Mr. Kuzminsky's own poetry sometimes consists of artfully
combined strings of words or near-words culled from
different languages. His contribution to the first issue of
Magazinnik is one such piece, written partly in Russian and
partly with Latin letters, and inspired by readings about
cannibalism.

The poem, "Kai-Kai Kanaka Tripela Meri," or "The man who
ate three white women," begins in Russian, which translates
to: "I eat. You eat." Across the page is the equivalent in
Mr. Kuzminsky's creation, which he said is based on a
Polynesian language: "mi kai-kai. yu kai-kai."
Nevertheless, when Mr. Kuzminsky reads his poems out loud,
they sound like music.

Scattered around his house are plastic skulls, rifles, felt
boots, a Maxim machine gun, an old scuba-diving vest,
gardening catalogs, a Lenin ashtray, a red tarboosh and a
battered teddy bear that Mr. Kuzminsky says he was given as
a child during the siege of Leningrad. His shelves are
crammed with books, including the anthology of banned
Russian poets that he compiled in part from memory when he
first came to the United States.

The seat of one old wooden chair has been replaced with a
plaster cast of a naked woman, the contribution of one of
the rotating weekend guests. "Sit," Mrs. Podberiozkina said
at one point, motioning to the chair. "It's art, but you
can sit."

Mr. Kuzminsky said he had despaired of seeing many of his
cheerful young "chipmunks" find the dark part of themselves
that inspires good poetry. "A happy poet is not a good
poet," he said.

Many of them, he added, also mistakenly try to reach an
American audience with their poetry and art. "I tried to
deal with the natives in the beginning," Mr. Kuzminsky
said. "But the natives didn't need me."

That is why he pushed the young people to forgo the
English-Russian magazine, Koja, that they started a few
years ago and start an all-Russian art magazine. "They were
ashamed and afraid of their Russian language skills," Mr.
Kuzminsky recalled. "But I said, O.K., make mistakes. It
doesn't matter."

A lot of him has rubbed off on the young people. The old
poet is a presence in their gatherings, even when he is not
physically there.

The Kuzminsky circle introduced Magazinnik to the world (in
print and at www.magazinnik.com) in mid-March with a party
at an East Village bar thick with cigarette smoke. Video
screens along the wall showed shots of Mr. Kuzminsky,
edited to make him endlessly jab at the same word like a
woodpecker, along with stylized Bollywood movie clips.

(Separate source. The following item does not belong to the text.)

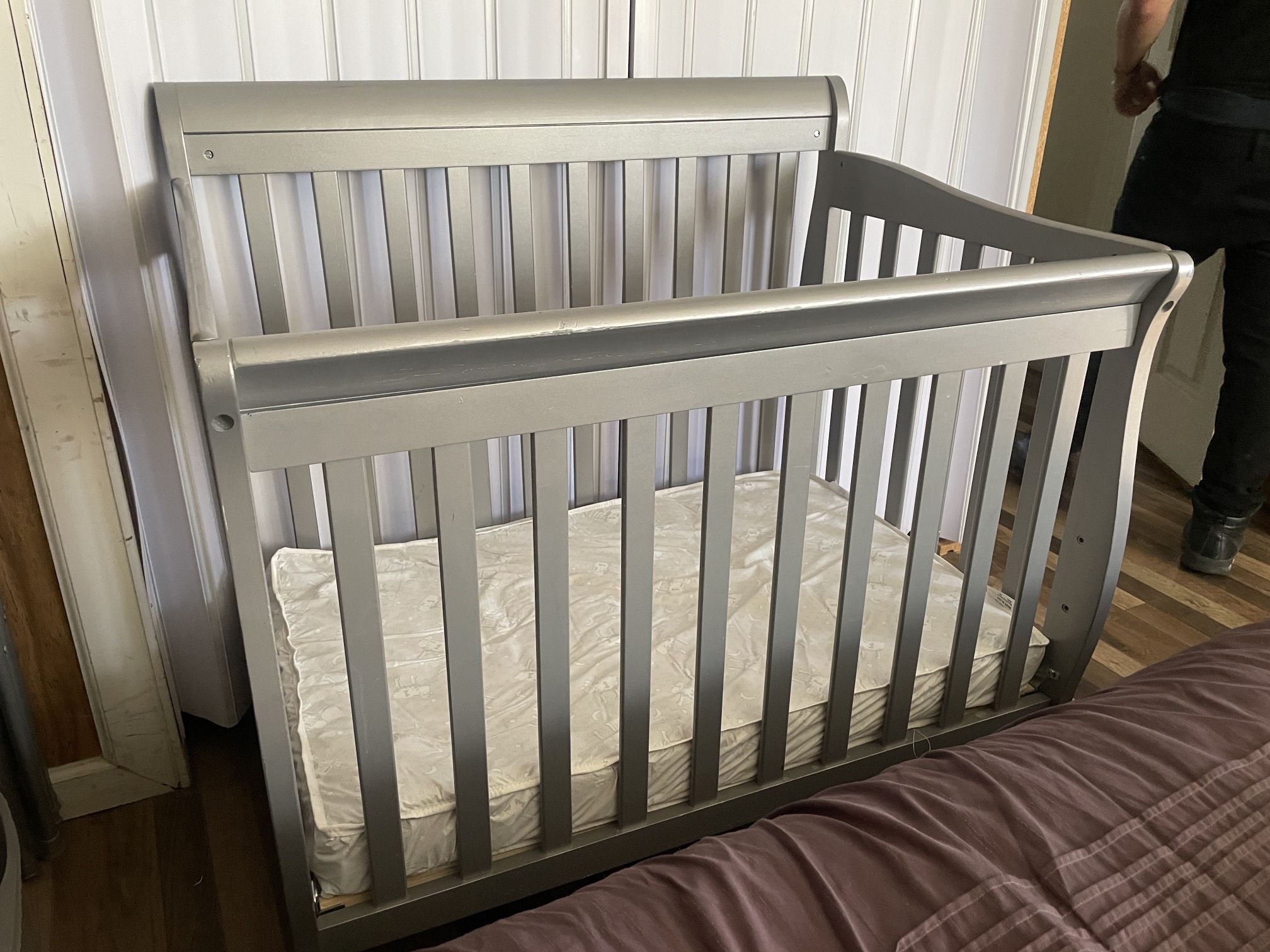 Baby Crib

Dmitry Romendik, editor of the new magazine, appeared in a
long purple caftan, Central Asian beanie and sunglasses.
Mr. Satanovsky read his poems in thick goggles reminiscent
of those worn by the cartoon Rocky, of Rocky and
Bullwinkle.

Another poet insisted on doing his reading while seated on
a toilet in the bar. A ponytailed Brooklyn cabdriver who
plays jazz tuba improvised a duet with a Russian opera
singer wrapped in a black feather boa.

The young poets and artists said they hoped to mine the
artistic possibilities of their dual identities as Russians
and Americans. "The idea is to stay oppositional," said
Zhenya Plechkina, the design editor of the magazine. "To be
avant-garde is to move things forward. And New York - it's
about renovating things, about pushing things further." In
that vein, she admires the American Beat poets of the
1950's as much as the original Russian avant-garde artists
of the previous century.

Back in the Catskills, though, Mr. Kuzminsky has his
doubts. In his experience, he said, Russian immigrants
cannot, and maybe should not, meld their two identities. In
his view, there are, sadly, just two choices.

"Some people come and they try to adjust, to become
Americans - like my Americanized monsters," he said. "And
others come and remain forever outsiders."